The second is that we can detect early if our current partial solution can never lead to a complete solution. Since our values are ordered, the remaining numbers in the set are at least as large as the current number. Note that the sum of the numbers increases as the numbers get larger, while the sum of the reciprocals decreases.
There are two sure ways we can tell we're at a dead end:
We get the smallest possible total from where we are when we take all remaining numbers to be the same as the current number. If this smallest sum is too big, we'll never get less.
We get the largest possible sum of reciprocals when we take all remaining numbers to be the same as the current number. If this largest sum is less than 1, we'll never get to 1.
These two conditions set an upper bound on the next xi.
Thirdly, we can stop looking if our partial sum of reciprocals is greater than or equal to 1.
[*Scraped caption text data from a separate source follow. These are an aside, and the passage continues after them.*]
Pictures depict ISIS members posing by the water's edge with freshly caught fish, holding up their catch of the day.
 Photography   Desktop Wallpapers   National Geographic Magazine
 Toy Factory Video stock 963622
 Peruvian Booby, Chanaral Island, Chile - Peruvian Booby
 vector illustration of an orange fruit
Putting all this together, here is a solution in C#:
static int[] x = new int[10];
static void Search(int depth, int xi, int sum, double rsum) {
if (depth == 9) {
// We know exactly what the last number should be
// to make the sum 2011:
xi = 2011 - sum;
// Now check if the sum of reciprocals adds up as well
if (Math.Abs(rsum + 1.0 / xi - 1.0) < 1e-12) {
// We have a winner!
x[depth] = xi;
var s = string.Join(" ", Array.ConvertAll(x, n => n.ToString()));
Console.WriteLine(s);
}
} else {
int lastxi = xi;
// There are 2 ways xi can be too large:
xi = Math.Min(
// 1. If adding it (10 - depth) times to the sum
// is greater than our total:
(2011 - sum) / (10 - depth),
// 2. If adding (10 - depth) times its reciprocal
// is less than 1.
(int)((10 - depth) * remainder));
// We iterate towards smaller xi so we can stop
// when the reciprocal sum is too large:
while (xi >= lastxi) {
double newRSum = rsum + 1.0 / xi;
if (newRSum >= 1.0)
break;
x[depth] = xi;
Search(depth + 1, xi, sum + xi, newRSum);
xi--;
}
}
}
Search(0, 1, 0, 0)
If you used a brute force algorithm to iterate through all the combinations, you'd end up with the answers. But I don't think it's quite as big as 10*2011*2011. Since you can easily arbitrarily postulate that x1
I think a brute force approach would easily get the answer. However I would imagine that the instructor is looking for a mathematical approach. I'm thinking the '1' must have some significance with regards to finding how to manipulate the equations to the answer. The '2011' seems arbitrary.